While speed and instant availability define current vernacular photography, Lola Flash, a guest at Visually Speaking this past June, also showed portraiture rooted in the self-determination of the underrepresented, but from the other side of the technological spectrum: analog, large-format photography. After nearly four decades of steadily making work, Flash had two exhibitions in New York in 2018, at Pen + Brush and the Leslie-Lohman Project Space. Art historian Jonathan Michael Square began the conversation with Flash by reflecting on an image of her, where she is in one of three pairs who lock lips in profile against a white backdrop in the iconic “Kissing Doesn’t Kill: Greed and Indifference Do” public health campaign from 1989–90 designed by ACT UP working group Gran Fury. In the conversation, Flash recalled taking buses bearing that ad to work as a high school teacher in the Bronx, without any of her fellow passengers recognizing her as one of the faces debunking myths about HIV/AIDS.
Flash gave a tour of her work, starting with its inextricable connection to AIDS activism. In Flash’s images from the 1980s and ’90s, scenes of street protests and staged vignettes are flipped in an experimental cross-color process, generating saturated opposites of what eyes would have seen, as if inviting viewers to enter a memory distorted by the pain of the AIDS crisis. In 4 Ray (1990), the wheelchair of her friend, artist Ray Navarro, sits alone in the middle of a grassy hill turned dark yellow with post-production technique akin to solarization. What may have been blue sky is a monolithic hot orange, while the grass turns a fiery red.

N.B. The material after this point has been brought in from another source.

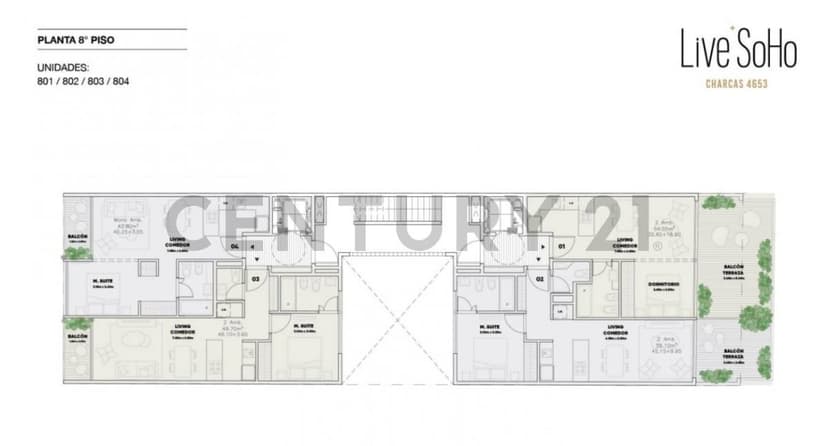 Plano 3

After twenty years of reversing color slide film in her final prints to encourage the reversal of pernicious stereotypes in society, Flash turned to traditional large-format color portraiture. To a crowd of mostly young people unfamiliar with her work, she spoke affectionately about edifying the people she photographs by using majestic poses—one series of queer luminaries is titled “Legends.” As subjects look at her big camera on a tripod, she prompts them to feel proud and imagine someone they admire. When her often life-size photos hang side by side on a gallery wall, the eyes of those who pose for Flash form a horizon line of dignity. Her projects represent mostly queer, black, and brown individuals through the enduring themes of women aging, perceptions of race and gender, and, most recently, incarceration.
When someone in the audience asked about Flash’s hope for the future, she said, in a single word, “equality.” Flash makes photographs to challenge people’s mindsets, that is, if they need to be challenged. But she still feels that her work has been neglected. “When I google ‘queer photographer,’ I don’t see myself,” she said. “When I google ‘African-American queer photographer,’ I don’t see myself.” Yet the incremental work of her portraiture—which requires patience both for shooting on film and for courting subjects as she works around a full-time teaching schedule—creates bonds that speak to the collective process of changing the way a culture sees. We learned from her that if she wasn’t already friends with a subject, they often became friends after making the portrait.
Jennings, who tirelessly promotes those in his extended social and professional circles of photographers, works in photojournalism and fine art photography, across the genre divide that Visually Speaking so adamantly straddles. Jennings was photographer in residence at the Schomburg Center, documenting their events for eleven years. Partly out of habit, he cannot sit back at the events he now organizes and refrain from creating photographic records of them. With two cameras strapped across his torso, he buzzes around the affair, documenting Visually Speaking from multiple angles.